Это они шелестели голосом замерзшей золы.
– Мои крылья, – объяснил Тин. Его голос сорвался и исчез на миг, но тут же вернулся. – Меня сбили. Крылья сломались, я не могу летать. И что-то с рукой... Но я не ранен.
Я коснулся его плеча и запел, еле слышно. Порыв ветра, запах хвои и солнца – одна из моих первых песен.
Тин стиснул мою руку и сказал:
– Спасибо.
– Эта песня снимает боль, – предупредил я. – Но если ты ранен...
– Потом. – Он мотнул головой и обернулся к Рилэну. – Они улетели только что, нужно лететь за ними! Пока они не начали жечь!
Я слышал голоса Джерри и Рилэна, они возражали что-то, Тин настаивал, – но я не вслушивался в слова, мне было все равно. Силы возвращались ко мне, восторг возвращался, след чужой магии над головой был ясным, пел отзвуком древних песен. Враги возле Форта не смогли скрыться от меня, и эти не смогут.
– Летим! – сказал я, и лодка послушалась, скользнула вверх.
Поток подхватил нас, помчал над скалами, мы летели все быстрей. Я задыхался от ветра, задыхался от чужой песни, она звучала эхом песни полета, но горела незнакомым огнем. Мы все смотрели вперед, но не видели ни врагов, ни огня, только черноту гор, черноту неба.
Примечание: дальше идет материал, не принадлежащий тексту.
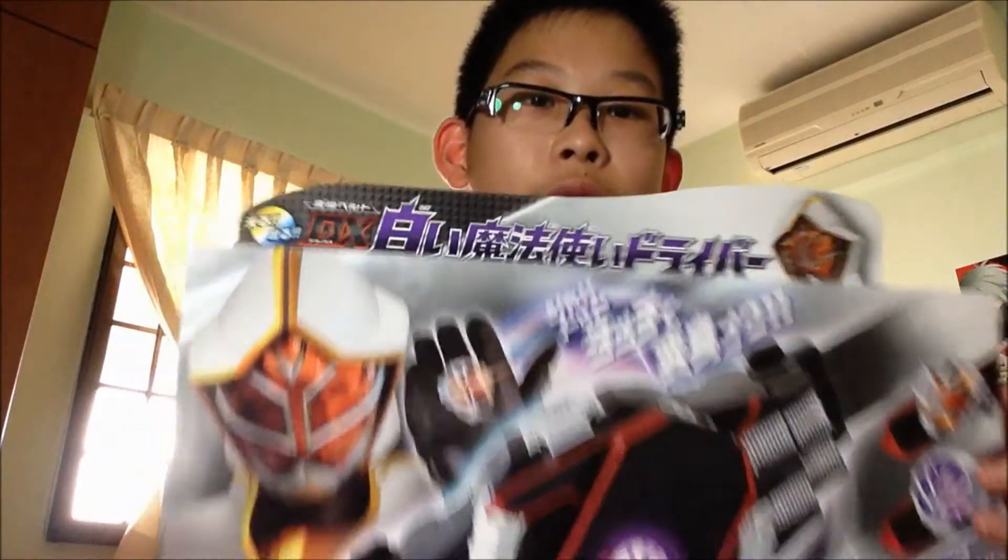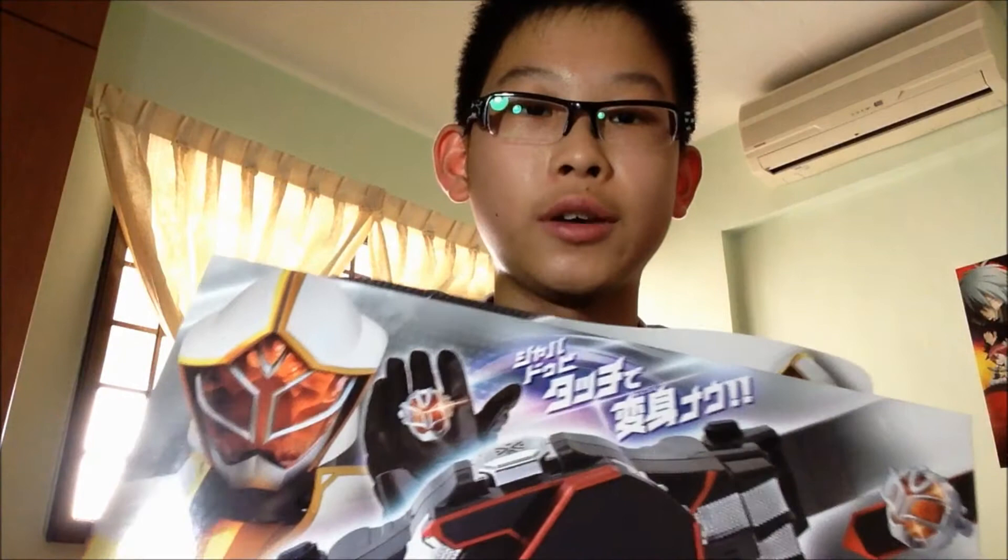So here's the White Wizard Driver — I'll review this in a short while. I'll separate the review into two separate videos: the first will cover only the rings, and the second video will be about using the wizard rings on the White Wizard Driver to see what sounds it makes. So that's the end of the unboxing. Please rate, comment, and subscribe — bye!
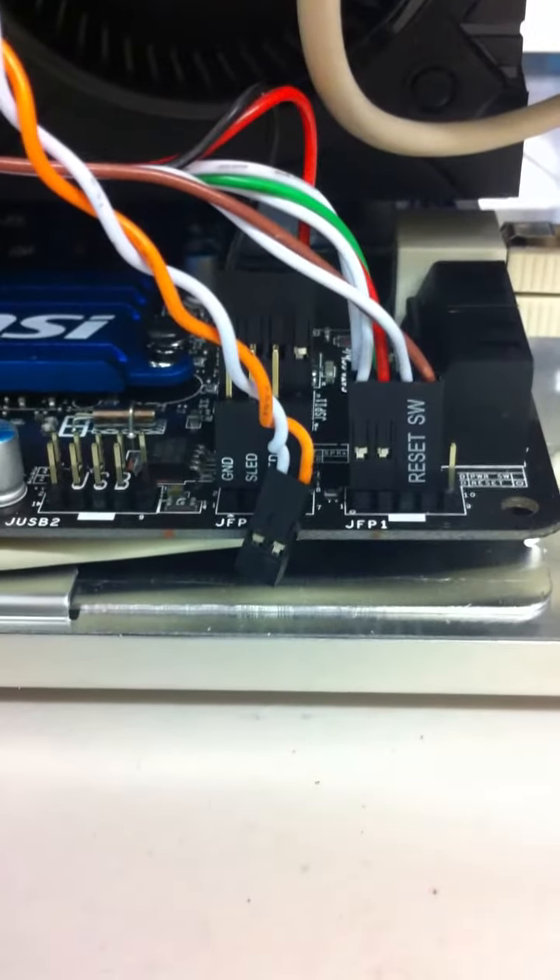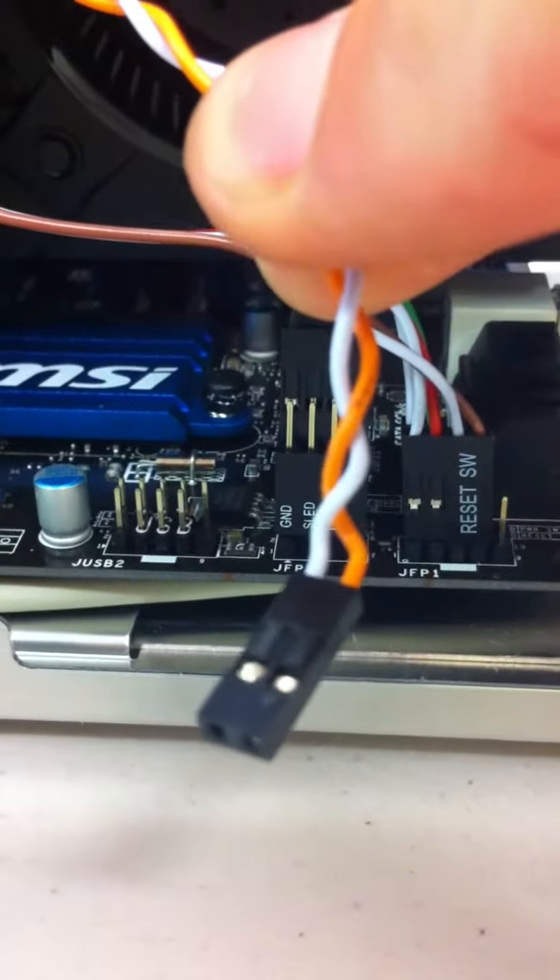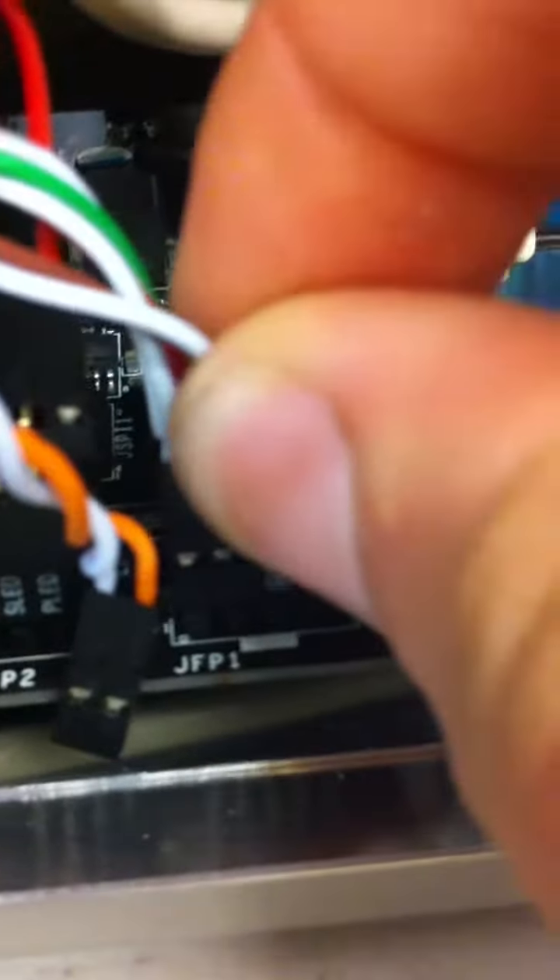To reset the power switch on the motherboard, take the one that's white and orange — it's all the way to the right, right behind the reset switch. You can actually unplug the reset switch to do this; that's the brown and white one. The two pins you're going to short out are the back two on the right side.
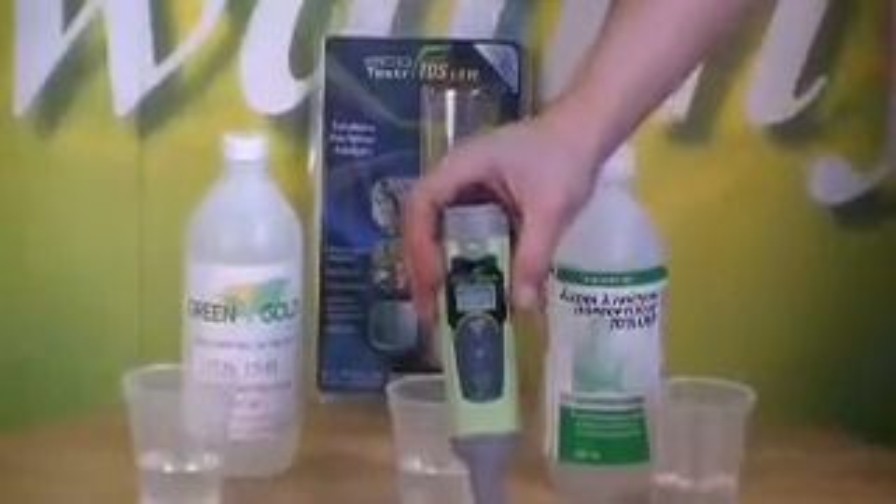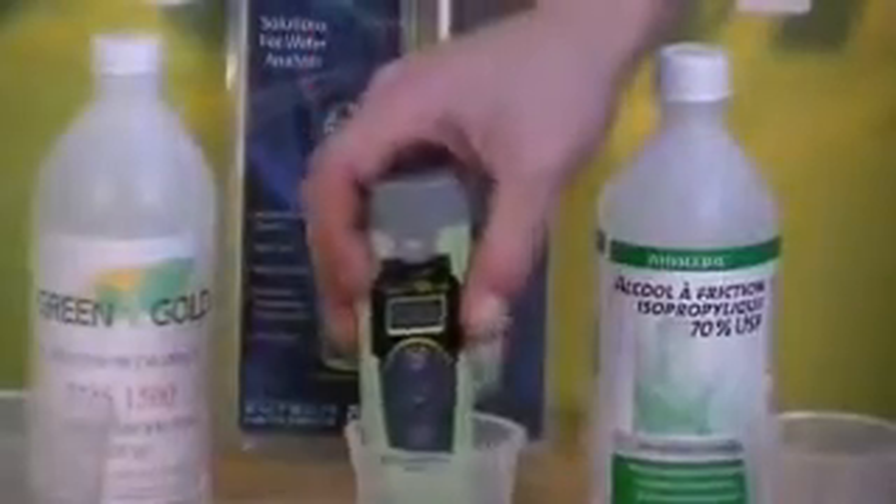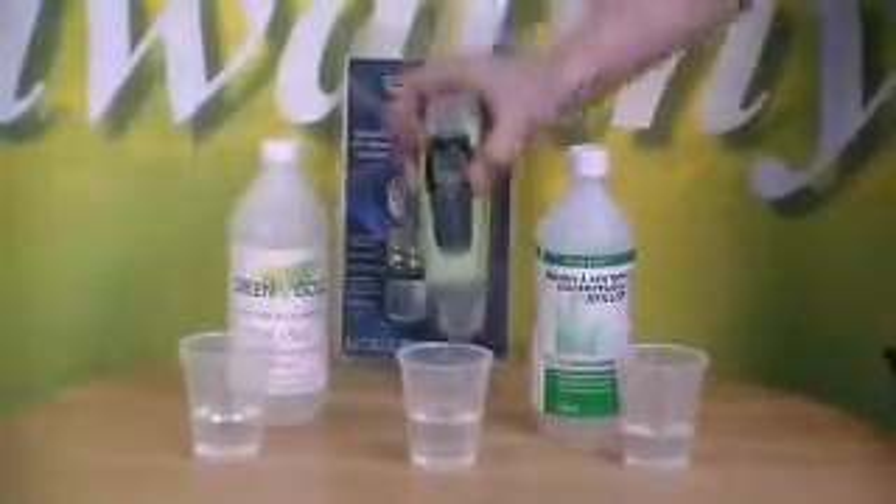After you're done putting it in the alcohol for 5 minutes, you rinse it in your water for about 2 minutes by stirring it around like this. After that, make sure all the water is off of it — just shake it a bit like this.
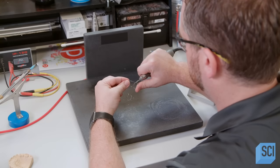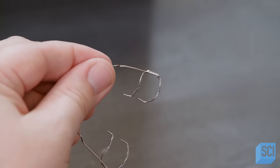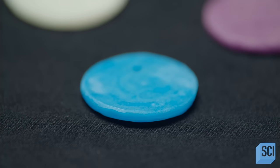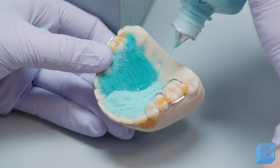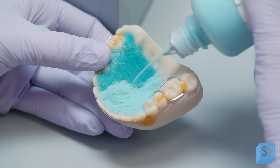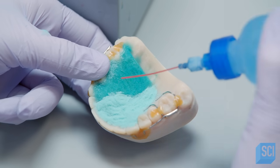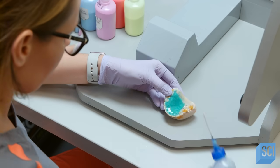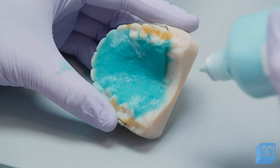He steams off the wax, removes the finished retainer wire from the model, and polishes the solder joint. The retainer's pallet is made of acrylic and comes in multiple colors. A technician waxes the wire onto the model, then applies the acrylic to the pallet, embedding the ends of the wire. The acrylic is made up of liquid and powder, which react when mixed. She applies about three layers of each to the pallet, producing an eighth-inch thick mold.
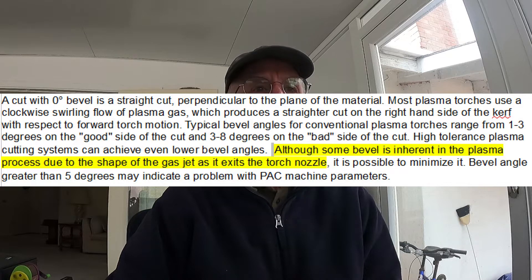Although some bevel is inherent in the plasma process due to the shape of the gas jet as it exits the torch nozzle, it is possible to minimize it. Bevel angles greater than 5 degrees may indicate a problem with machine parameters. I have included a link in the description below to Hypertherm's web page which fully addresses this issue.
– Там ничего нет! – крикнул Рилэн. – Только горы!
Он был прав – но все же звенящий след уходил вперед, к скальной стене, еще далекой, но уже отличимой от неба. Я помнил эти места, мы пролетали здесь днем. Лишь отвесные скалы и пропасти – ни горных троп, ни деревень.
Но мы не повернули, мы мчались в потоке чужой песни, и я чувствовал другие следы среди ветров, десятки и сотни, старые и новые. Я смотрел в черноту, смотрел не отрываясь, – и понял, что песни захлестнули меня, я схожу с ума.
В скальной стене зажглась звезда. Сперва крохотная, она мерцала белым светом, разгоралась все ярче, росла. Она пылала, превращалась в солнце, и в глубине его сияли песни, неисчислимые, яркие, пронизывающие камень, уходящие в землю, уходящие в небо. Тысячи жизней были по ту сторону белого солнца, они сияли и пели, смертоносные и прекрасные.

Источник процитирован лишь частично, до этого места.